Like those plucky and industrious Japanese, the Faustian animators at Pixar have assimilated another pop culture icon into their unstoppable juggernaut of cinematic domination, and no one seems to care. This time, friends, in spite of Wall-E's evident status as the CGI Messiah (seriously, you should read some of the effusive worship-schlock spilling out of the collective mouth of our nation's "critics"), I shan't be put off the scent so easily.

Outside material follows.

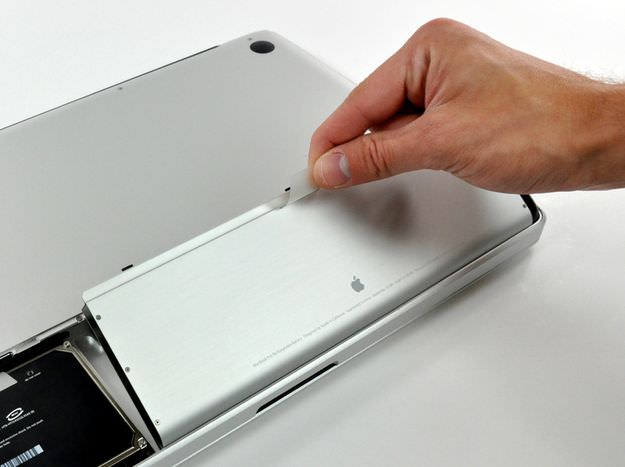 Hard drive replacement in the MacBook Pro Late 2008 and Early 2009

I adored . . . no, ADORED the original Short Circuit movies. I memorized them and recited them in their resplendant entirety to family and friends. Along with Tim Burton's Batman and Pee-Wee's Big Adventure, the Short Circuit films supplied almost all of my conversational raw materials between the years 1985 and 1990. And I guess I'm really rather tired of Pixar's undefeated record at the box office. Is it just me, or do any of you feel even the slightest twinge of suspicion about any studio that seems incapable of producing a bad film? I mean, no artist hits the creative bullseye every time. Not even the Omnipotent Beatles were exempt from the occasional flop (QED the lackluster "You Can't Do That" and the totally indulgent "Wild Honey Pie"). And to tell the honest truth, I like the Beatles (and others) all the more for stinking up the scene once or twice during the course of their illustrious career. Sure, some would offer up A Bug's Life as Pixar's less-than-stellar follow up to the Earth-shattering genius that was Toy Story, but even Pixar's cast-off garnered a 91% fresh rating on Rotten Tomatoes.
Part of me genuinely hopes that I will find Wall-E repugnant and lame when I inevitably venture forth to see it this weekend. But the other part of me, the part that Pixar owns, clamors for more computer-animated goodness like a heroin addict with the DTs. To paraphrase the most recent installment from our good friends over at Futurama, "Love the Pixar."
Oh, and less than two weeks on the countdown and all that rot, what what.